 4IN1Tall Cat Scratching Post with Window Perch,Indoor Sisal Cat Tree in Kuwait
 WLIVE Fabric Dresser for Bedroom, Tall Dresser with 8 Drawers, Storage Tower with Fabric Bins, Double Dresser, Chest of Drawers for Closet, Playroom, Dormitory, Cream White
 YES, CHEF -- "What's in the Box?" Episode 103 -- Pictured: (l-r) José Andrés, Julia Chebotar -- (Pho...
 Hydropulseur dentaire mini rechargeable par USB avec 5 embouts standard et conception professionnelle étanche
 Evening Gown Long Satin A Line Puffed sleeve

* * *

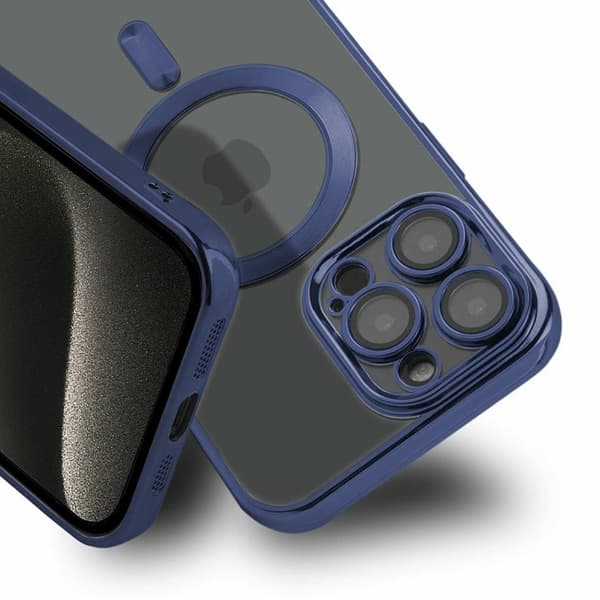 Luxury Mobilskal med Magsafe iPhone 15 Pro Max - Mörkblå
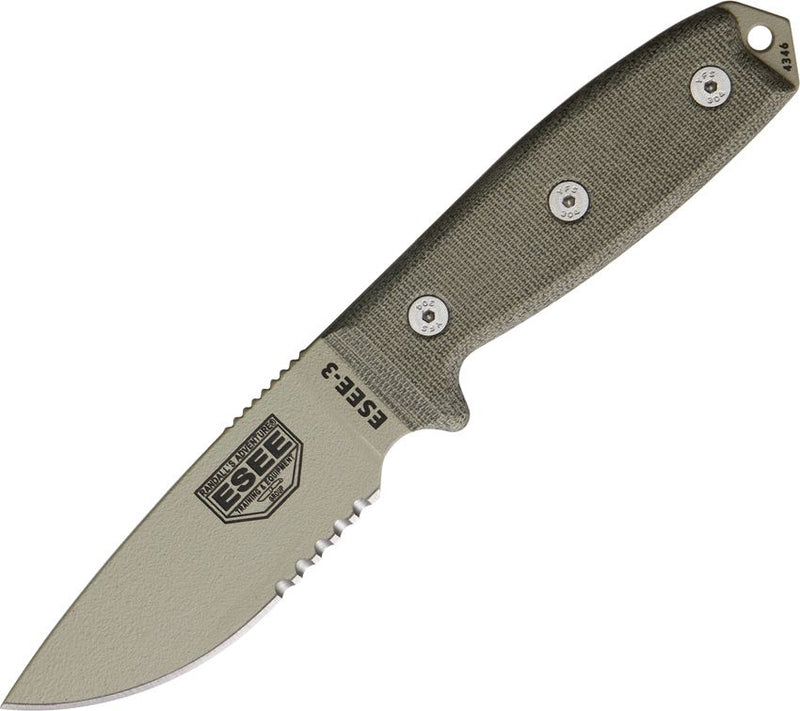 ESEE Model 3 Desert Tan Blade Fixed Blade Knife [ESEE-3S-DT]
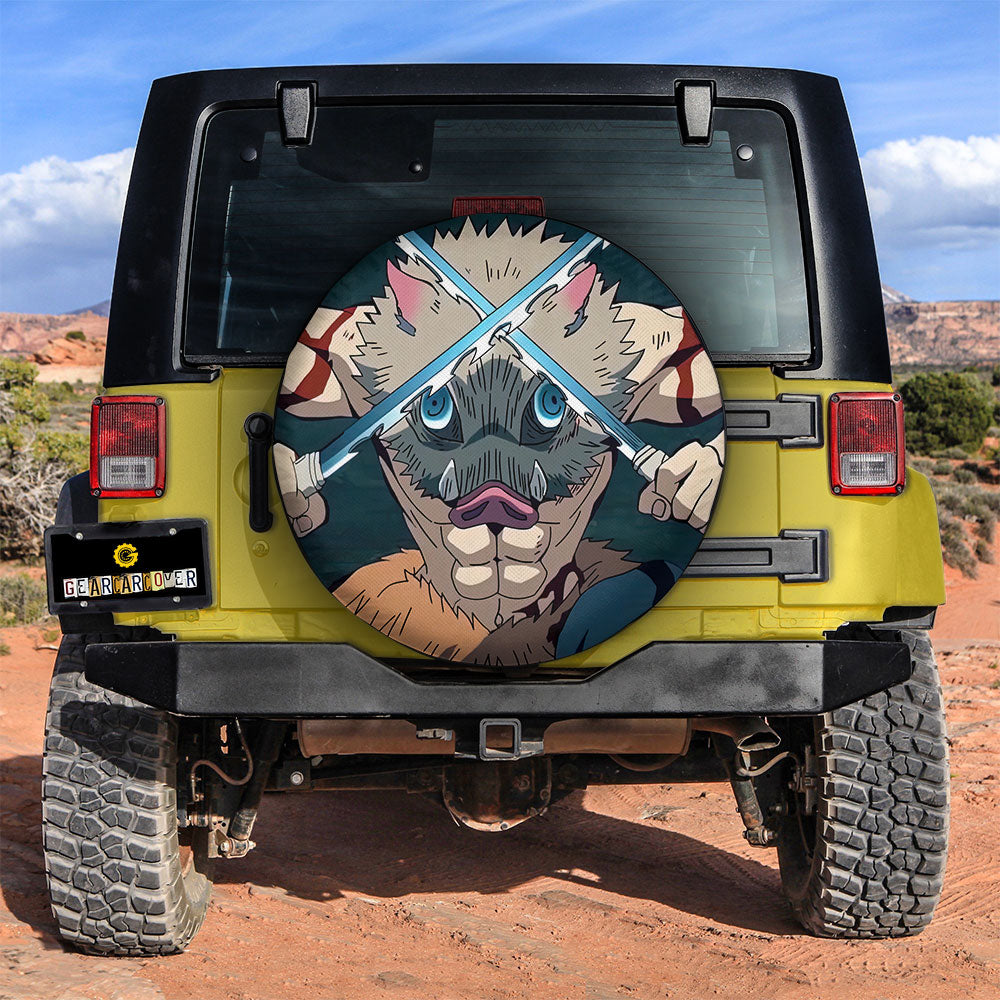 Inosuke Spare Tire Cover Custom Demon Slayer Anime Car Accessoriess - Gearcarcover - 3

- _Exercise instructions_:
The response must repeat exactly the lines above from the one with "ESEE Model 3" through the one with "Inosuke Spare Tire", including both, and must contain no pictures and no other text.

- _Solved problem_:
 ESEE Model 3 Desert Tan Blade Fixed Blade Knife [ESEE-3S-DT]
 Inosuke Spare Tire Cover Custom Demon Slayer Anime Car Accessoriess - Gearcarcover - 3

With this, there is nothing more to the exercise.